The records are to be copied exactly and in full.

Data excerpts:
# # # #
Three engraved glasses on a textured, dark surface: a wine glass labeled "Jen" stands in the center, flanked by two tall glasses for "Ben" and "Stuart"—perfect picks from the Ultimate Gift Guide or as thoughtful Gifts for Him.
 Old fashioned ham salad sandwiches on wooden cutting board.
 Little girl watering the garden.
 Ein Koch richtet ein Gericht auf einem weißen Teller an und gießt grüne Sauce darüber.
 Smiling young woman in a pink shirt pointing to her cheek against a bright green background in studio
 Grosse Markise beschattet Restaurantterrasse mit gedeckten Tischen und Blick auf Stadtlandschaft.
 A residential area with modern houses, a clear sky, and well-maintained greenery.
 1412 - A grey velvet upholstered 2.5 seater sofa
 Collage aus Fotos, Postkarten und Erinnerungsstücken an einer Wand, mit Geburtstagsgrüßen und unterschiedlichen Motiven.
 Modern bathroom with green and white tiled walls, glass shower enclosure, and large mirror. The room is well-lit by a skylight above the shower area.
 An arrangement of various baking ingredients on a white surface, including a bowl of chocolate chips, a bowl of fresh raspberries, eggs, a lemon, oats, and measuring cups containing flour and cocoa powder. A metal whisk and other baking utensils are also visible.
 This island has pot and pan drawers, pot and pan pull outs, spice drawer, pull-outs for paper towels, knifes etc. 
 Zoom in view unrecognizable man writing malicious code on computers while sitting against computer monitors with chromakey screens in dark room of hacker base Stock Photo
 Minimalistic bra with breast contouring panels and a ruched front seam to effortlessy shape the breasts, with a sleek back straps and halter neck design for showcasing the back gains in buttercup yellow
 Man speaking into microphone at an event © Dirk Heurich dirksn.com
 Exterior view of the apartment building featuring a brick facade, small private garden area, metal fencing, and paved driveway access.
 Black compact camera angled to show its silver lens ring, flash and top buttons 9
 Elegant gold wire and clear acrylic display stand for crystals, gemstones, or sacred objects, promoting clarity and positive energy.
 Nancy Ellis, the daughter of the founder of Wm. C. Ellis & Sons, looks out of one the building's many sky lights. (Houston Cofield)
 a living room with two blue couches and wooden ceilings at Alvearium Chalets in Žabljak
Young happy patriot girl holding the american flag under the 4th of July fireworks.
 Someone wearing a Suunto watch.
# # # #
Answer to the problem:
Three engraved glasses on a textured, dark surface: a wine glass labeled "Jen" stands in the center, flanked by two tall glasses for "Ben" and "Stuart"—perfect picks from the Ultimate Gift Guide or as thoughtful Gifts for Him.
 Old fashioned ham salad sandwiches on wooden cutting board.
 Little girl watering the garden.
 Ein Koch richtet ein Gericht auf einem weißen Teller an und gießt grüne Sauce darüber.
 Smiling young woman in a pink shirt pointing to her cheek against a bright green background in studio
 Grosse Markise beschattet Restaurantterrasse mit gedeckten Tischen und Blick auf Stadtlandschaft.
 A residential area with modern houses, a clear sky, and well-maintained greenery.
 1412 - A grey velvet upholstered 2.5 seater sofa
 Collage aus Fotos, Postkarten und Erinnerungsstücken an einer Wand, mit Geburtstagsgrüßen und unterschiedlichen Motiven.
 Modern bathroom with green and white tiled walls, glass shower enclosure, and large mirror. The room is well-lit by a skylight above the shower area.
 An arrangement of various baking ingredients on a white surface, including a bowl of chocolate chips, a bowl of fresh raspberries, eggs, a lemon, oats, and measuring cups containing flour and cocoa powder. A metal whisk and other baking utensils are also visible.
 This island has pot and pan drawers, pot and pan pull outs, spice drawer, pull-outs for paper towels, knifes etc. 
 Zoom in view unrecognizable man writing malicious code on computers while sitting against computer monitors with chromakey screens in dark room of hacker base Stock Photo
 Minimalistic bra with breast contouring panels and a ruched front seam to effortlessy shape the breasts, with a sleek back straps and halter neck design for showcasing the back gains in buttercup yellow
 Man speaking into microphone at an event © Dirk Heurich dirksn.com
 Exterior view of the apartment building featuring a brick facade, small private garden area, metal fencing, and paved driveway access.
 Black compact camera angled to show its silver lens ring, flash and top buttons 9
 Elegant gold wire and clear acrylic display stand for crystals, gemstones, or sacred objects, promoting clarity and positive energy.
 Nancy Ellis, the daughter of the founder of Wm. C. Ellis & Sons, looks out of one the building's many sky lights. (Houston Cofield)
 a living room with two blue couches and wooden ceilings at Alvearium Chalets in Žabljak
Young happy patriot girl holding the american flag under the 4th of July fireworks.
 Someone wearing a Suunto watch.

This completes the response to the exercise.